• _WORKING DATA_
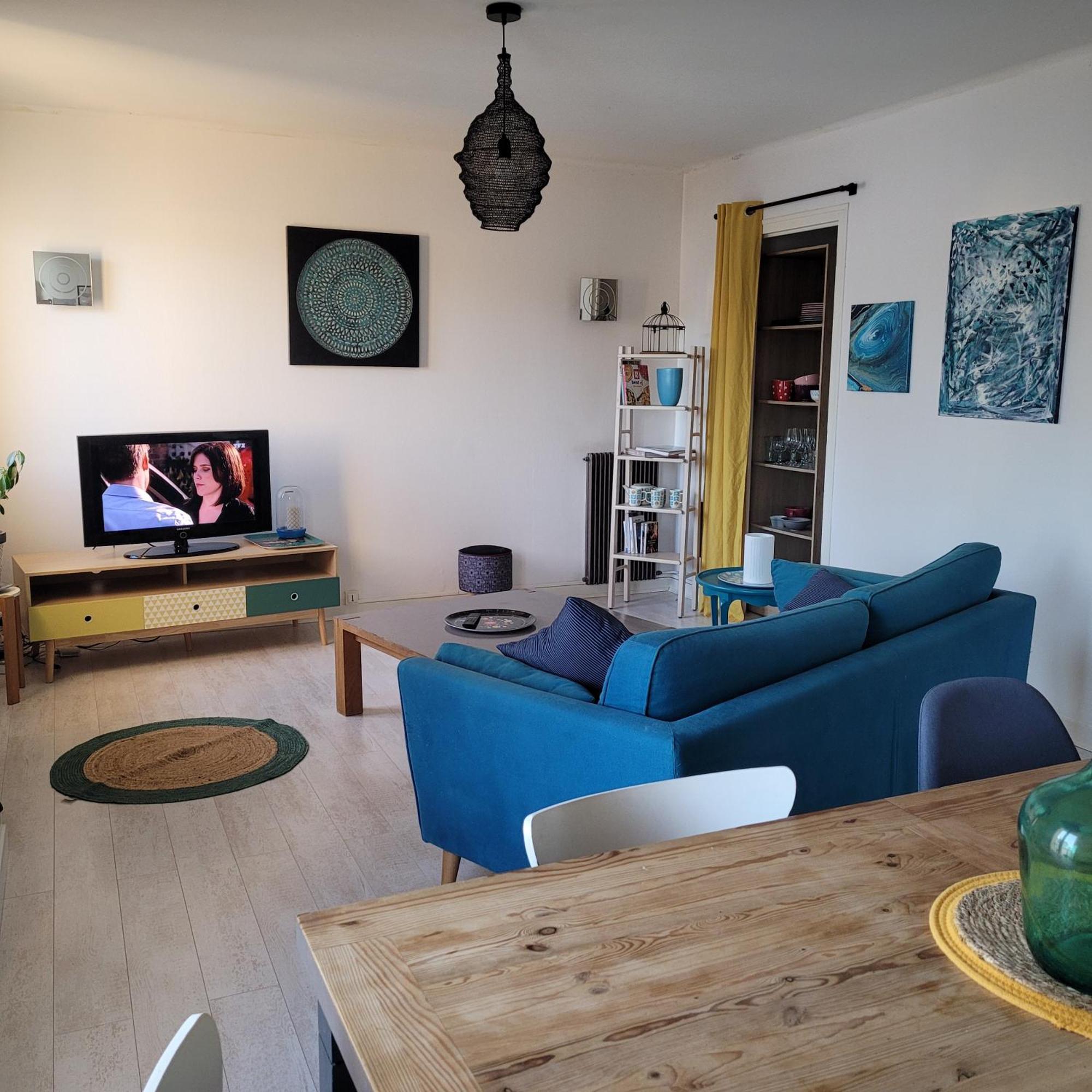 Charmant Appartement A Deux Pas Du Centre Historique Quimper Phòng bức ảnh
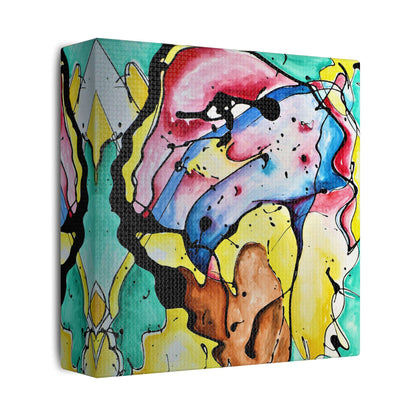 3rd Eye Sundae Satin Canvas Stretched - Kia Day Design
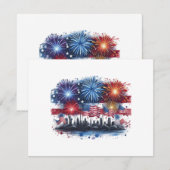 Holiday Firework Classic Informatiekaartje (Voorkant / Achterkant)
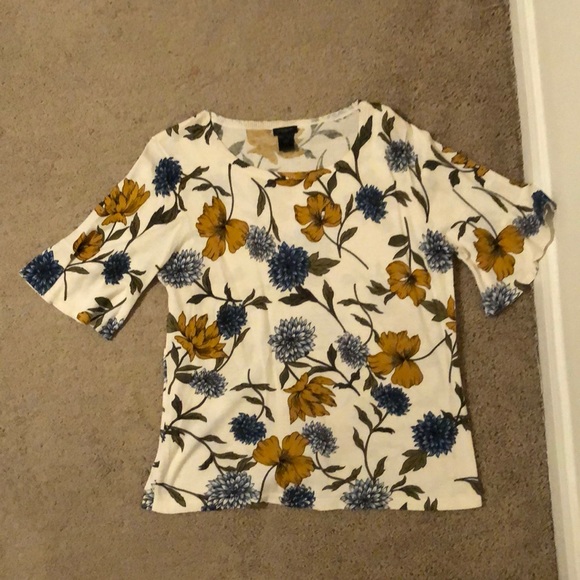 yellow floral blouse! - Picture 1 of 4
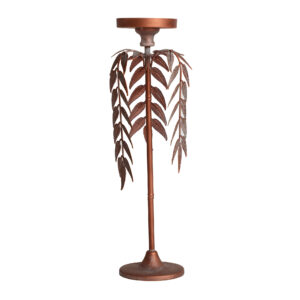 CANDELABRO PALMERA LUCERNAHIERRO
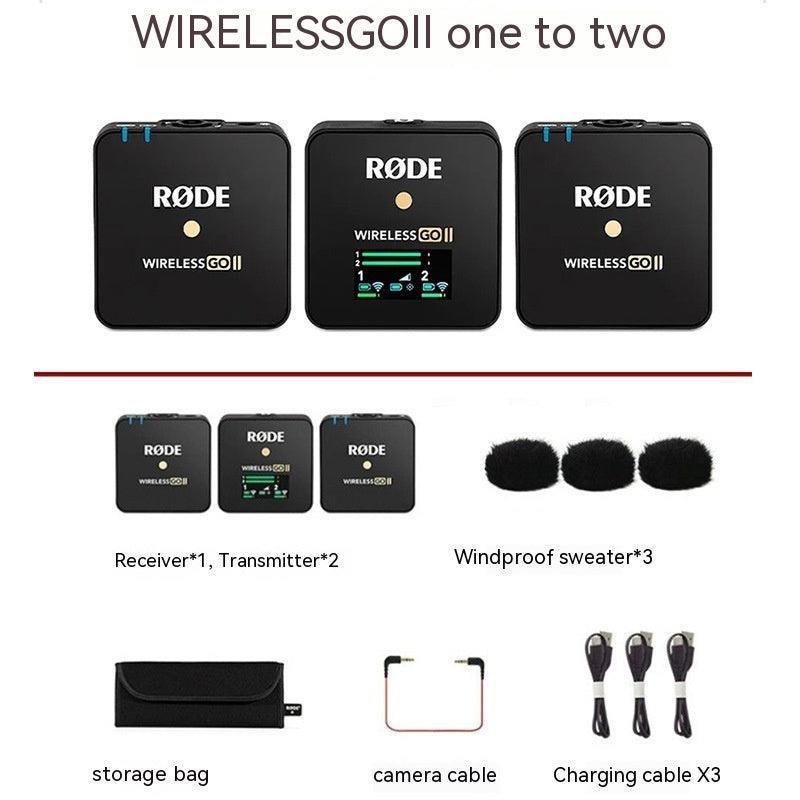 Wireless Microphone 2 Generation SLR Camera And Phone Collar Clip Type 1 Drag 2 - GOII One Drag Two - 369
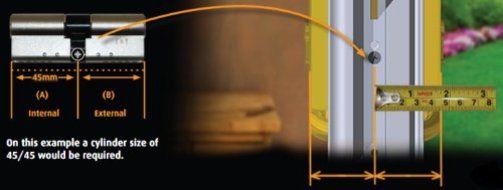 Avocet ABS High Security Euro Cylinder - Anti Snap Lock - TS007 3 Star (45(INT)x50(EXT), Chrome) by Avocet ABS N3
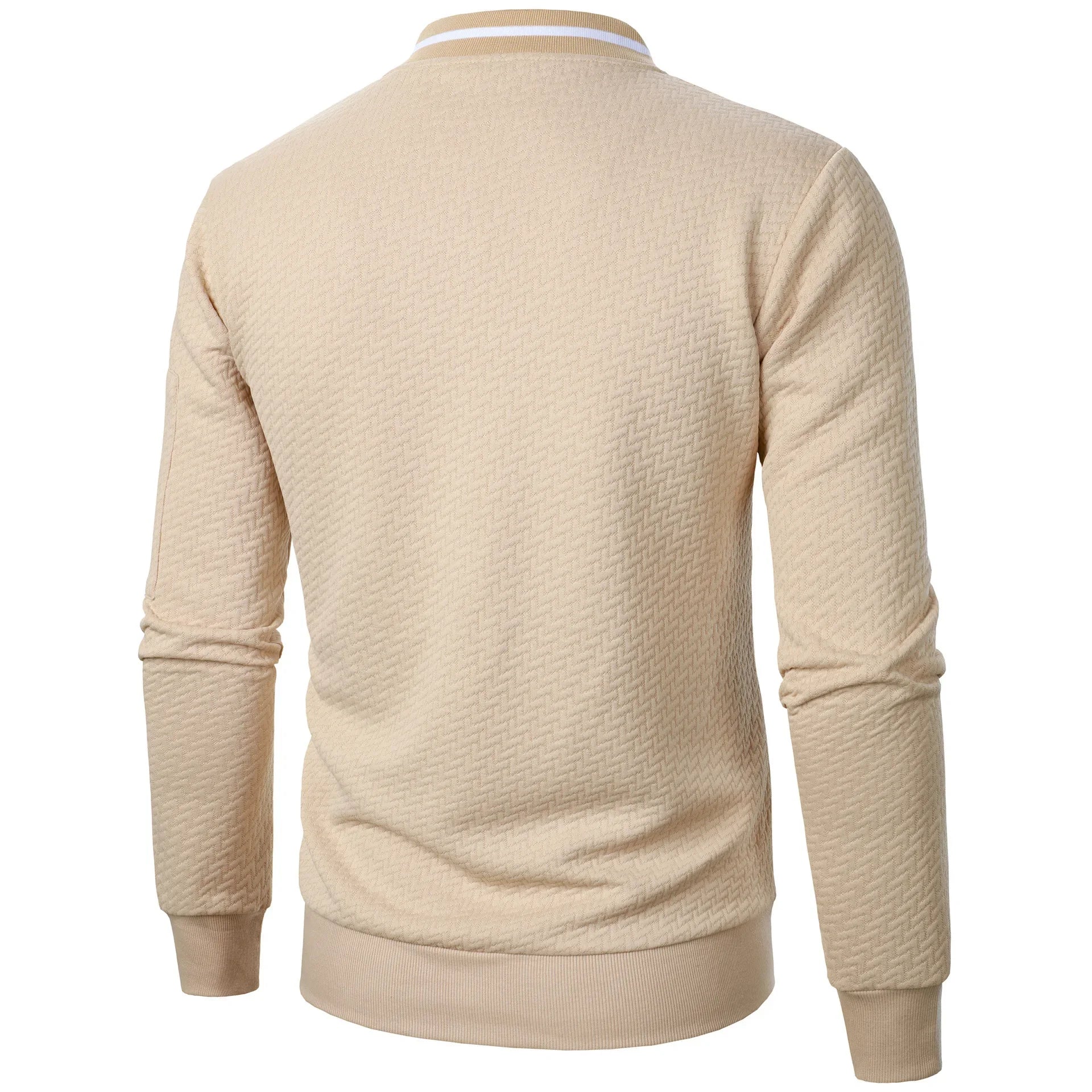 Veste de Baseball pour hommes, Streetwear, nouvelle mode d'automne, vestes décontractées de couleur unie pour hommes, manteau en tissu Jacquard pour hommes
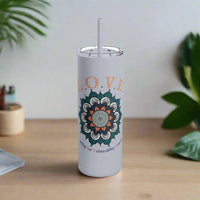 Thumbnail for Emotional Healing Love Affirmation Tumbler Cup, Positivity & Wellness
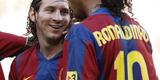 Imagens de arquivo de 2007: Messi e Ronaldinho voltaro a jogar juntos nesta sexta-feira, em Portugal, na despedida de Deco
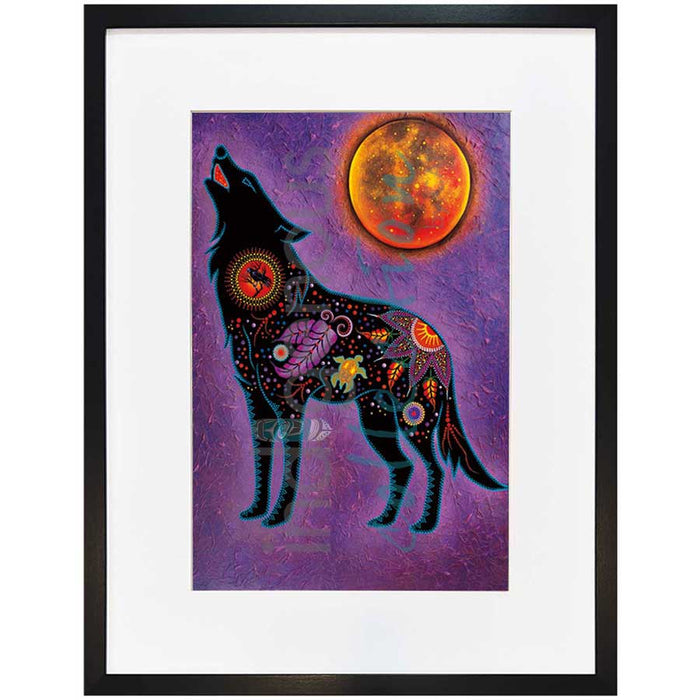 Tracey Metallic Fire Within Wall Art | Native Art Canada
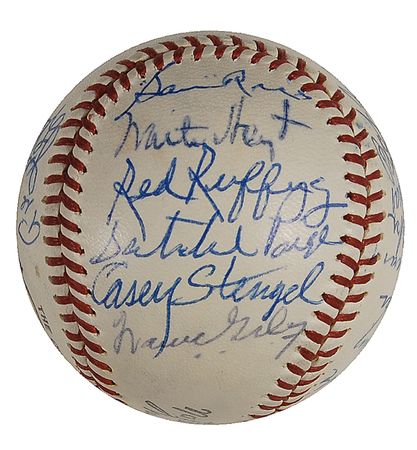 Lot #1167 Baseball Hall of Famers Baseball - Image 3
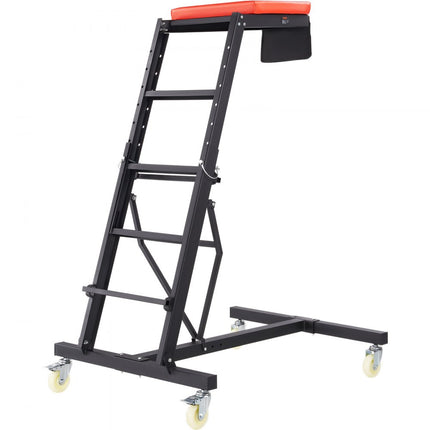 VEVOR Automotive Topside Creeper Motorvoertuigen, opvouwbare kruipversnelling voor autoreparatie en onderhoud, met verstelbare hoogte van 126 tot 192 cm, 181,44 kg capaciteit, hoge kruipbak, 4 zwenkwielen, robuust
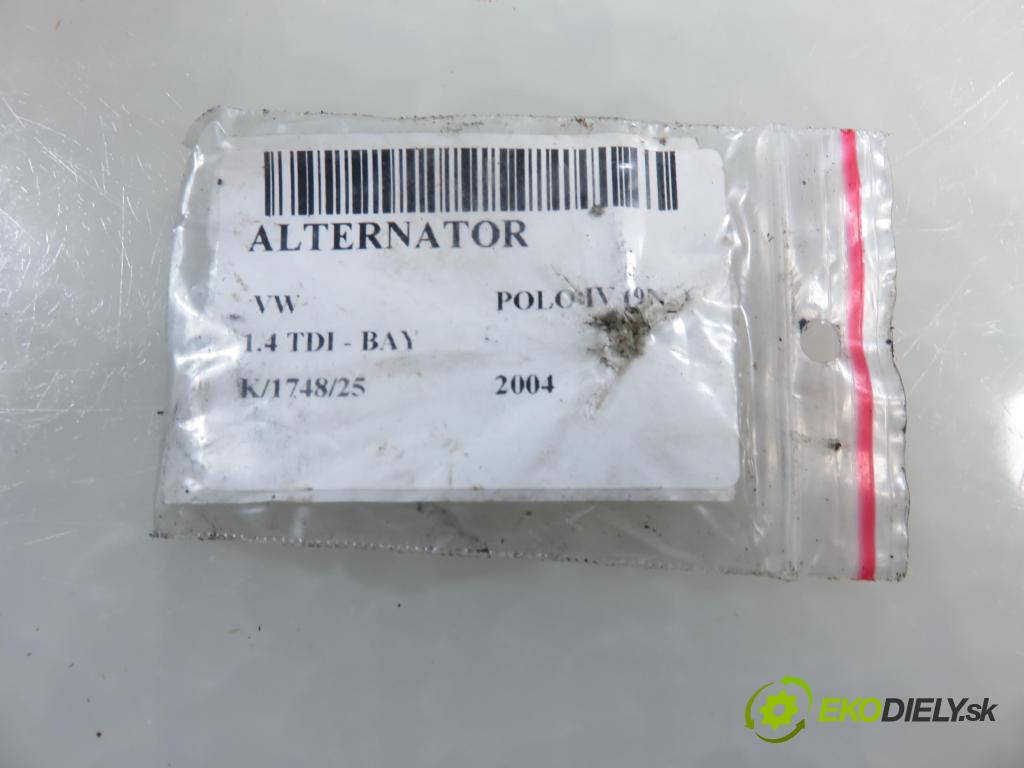 VW POLO (9N_) HB 2004 55,00 1.4 TDI - BAY 1422,00 Alternátor A0059 (Alternátor)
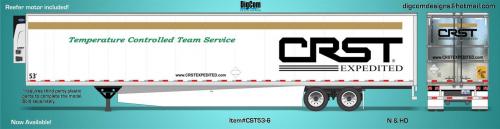 DIGCOM DESIGNS New CRST 53' Reefer 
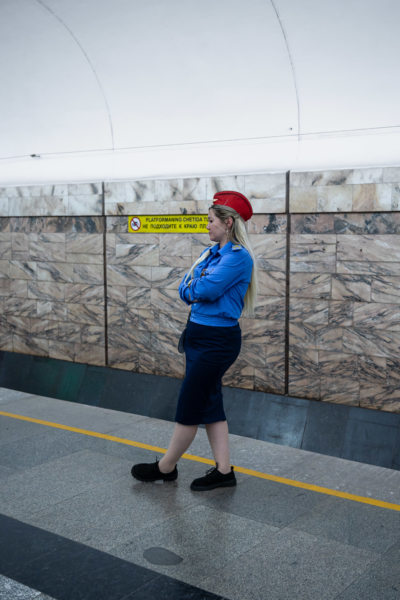 Chef de station, métro de Tachkent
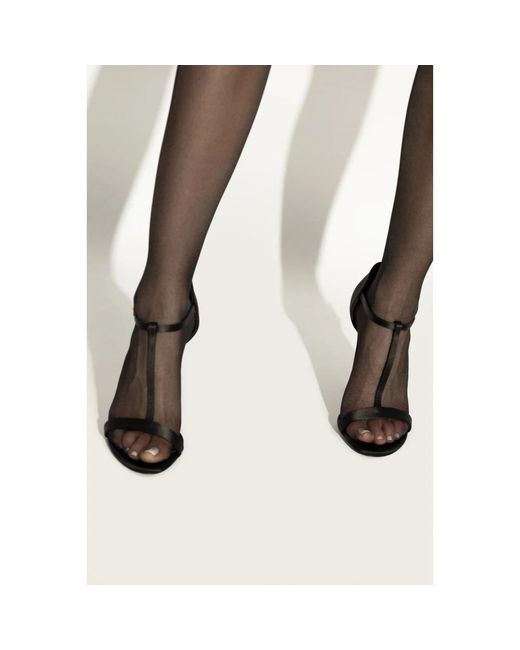 Dolce & Gabbana Black High Heel Sandals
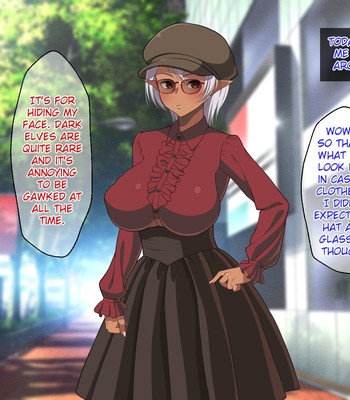 Ryuugakusei wa Kasshoku Bakunyuu Dark Elf! | The Transfer Student Is a Brown-Skinned Dark Elf with Huge Tits! comic porn sex 29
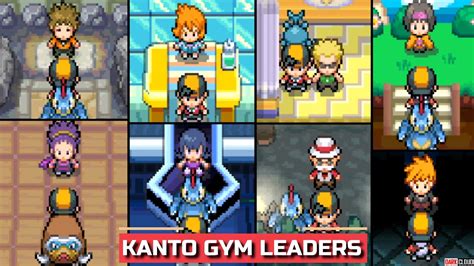 Kanto gym order <mark> Indigo League; Gym Leader</mark>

• _REQUIRED WORK_
Exact transcription of the full listing above is required; images do not belong in it.

• _TASK ANSWER_
 Charmant Appartement A Deux Pas Du Centre Historique Quimper Phòng bức ảnh
 3rd Eye Sundae Satin Canvas Stretched - Kia Day Design
 Holiday Firework Classic Informatiekaartje (Voorkant / Achterkant)
 yellow floral blouse! - Picture 1 of 4
 CANDELABRO PALMERA LUCERNAHIERRO
 Wireless Microphone 2 Generation SLR Camera And Phone Collar Clip Type 1 Drag 2 - GOII One Drag Two - 369
 Avocet ABS High Security Euro Cylinder - Anti Snap Lock - TS007 3 Star (45(INT)x50(EXT), Chrome) by Avocet ABS N3
 Veste de Baseball pour hommes, Streetwear, nouvelle mode d'automne, vestes décontractées de couleur unie pour hommes, manteau en tissu Jacquard pour hommes
 Thumbnail for Emotional Healing Love Affirmation Tumbler Cup, Positivity & Wellness
 Imagens de arquivo de 2007: Messi e Ronaldinho voltaro a jogar juntos nesta sexta-feira, em Portugal, na despedida de Deco
 Tracey Metallic Fire Within Wall Art | Native Art Canada
 Lot #1167 Baseball Hall of Famers Baseball - Image 3
 VEVOR Automotive Topside Creeper Motorvoertuigen, opvouwbare kruipversnelling voor autoreparatie en onderhoud, met verstelbare hoogte van 126 tot 192 cm, 181,44 kg capaciteit, hoge kruipbak, 4 zwenkwielen, robuust
 VW POLO (9N_) HB 2004 55,00 1.4 TDI - BAY 1422,00 Alternátor A0059 (Alternátor)
 DIGCOM DESIGNS New CRST 53' Reefer 
 Chef de station, métro de Tachkent
 Dolce & Gabbana Black High Heel Sandals
 Ryuugakusei wa Kasshoku Bakunyuu Dark Elf! | The Transfer Student Is a Brown-Skinned Dark Elf with Huge Tits! comic porn sex 29
 Kanto gym order <mark> Indigo League; Gym Leader</mark>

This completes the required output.